Dans l'immédiat, face à une demande électrique en berne, des voix s'élèvent au Parlement, du centre à l'extrême droite, pour tenter de freiner le déploiement des renouvelables tel que prévu dans la future feuille de route énergétique de la France pour 2025-2035.

Une position "erronée et inquiétante", juge Nicolas Goldberg, expert énergie chez Colombus consulting, "alors que pendant des années on a répété qu'il fallait une politique de l'offre pour décarboner".

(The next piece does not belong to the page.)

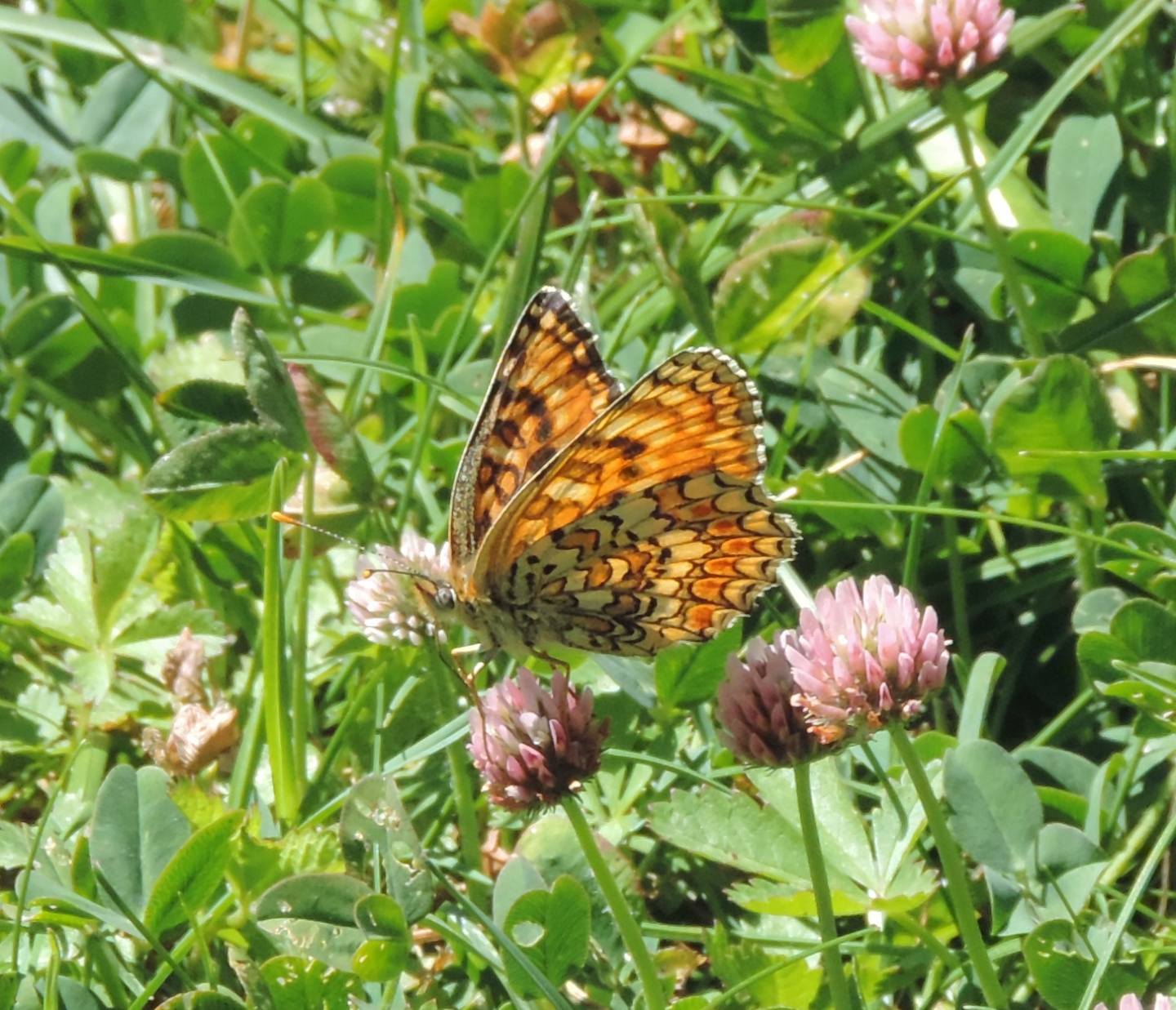 Quale Melitaea? Melitaea phoebe, Nymphalidae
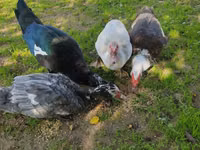 Ducks — photo 4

Il s'agit aussi d'un enjeu de "souveraineté, souligne Thomas Veyrenc, chez RTE, pour qui "tout ce qui est produit sur notre territoire avec du bas carbone est bon à prendre".

Commentaires

Serge Rochain
En France on fait ce que l'on peut pour freiner cette transition en esperant que les EPR finiront par fonctionner assez tôt pour ne pas être démontrés inutiles devant les renouvelables qui auront d'ici là scotché toutes les cases.... Mais c'est peine perdue, ils ont déjà démontré leur supériorité en pilotables plus performant que la soit disant pilotabilité du nucléaire ! Sans le renouvelable pas d'exportation possible aujourd'hui !
Rochain Serge I
Ni vent ni Soleil sont des situations plus rares que des réacteurs qui fonctionnent en sous charge et qui doivent fournir 6 ou 8 GW supplémentaires en moins de 15 minutes !
Serge Rochain
Vous en avez encore la demonstration hier encore, où une demande d'importation de nos voisins bondit de 3 GW en 1/4 d'heure entre 17h et 17h15. Il est impossible d'avoir 3 réacteurs nucléaires à l'arret capable en 15 minutes de fournir chacun leur puissance nominal de 900 MW, sachant qu'il faut au moins deux jours pour passer de 0 à 900 MW à un réacteur! Mais la demande a néanmoins pu être satisfaite sans probleme et dans le délai imparti, en recconcectant les renouvelables mis en pose depuis 11h30 le matin même (Le solaire est passé de 7,6 GW à 10,7 GW en moins de 15 minutes). Ces informations sont visibles par tous le monde sur le site eco2mix de RTE à la date du 9 avril 2025 sur la page "production par filieres" qui fait aussi état des quantitées import/export. Des faits ! Des chiffres ! Plutôt que des convictions issues de contrevérités colportés par les nucléophiles abusés par les messages erronés du lobby nucléaire depuis 60 ans.
Zamur
Que fait le gestionnaire d'un parc de panneaux photovoltaïques en cas de baisse de la demande ? Il couvre les panneaux avec des bâches ?
Serge Rochain
Non, il se contente de deconnecter le parc à distance..... ce qui n'a aucune incidence sur les panneaux. En revanche ce n'est pas le cas d'une machinbe thermique comme un réacteur nucléaire. En le deconnectant du reseau le réacteur ne peut plus évacuer sa production d'énergie et la températire monte dangereusement dans la cuve....Heureusement le cas est prévu : Les barres neutrophages de bore tombent entre les crayons actifs d'uranium absorbant les neutrons produits par la réaction en chaine et l'étouffent rapidement avant que la température ne devienne critique (sauf si ça ne marche pas pour une raison ou une autre comme dans les accidents bien connus aujourd'hui à trvers le monde). L'ennuie c'est qu'il faut ensuite au moins deux jours pour que le réacteur redémarre.
Jean Fluchère
Je constate que vous avez une excellente connaissance du fonctionnement d'une centrale nucléaire !!!!
Albatros
"Scotcher toutes les cases", belle formule tellement ces "renouvelables" scotchent notre pays dans la stagnation et la dépendance aux subventions des constructeurs chinois.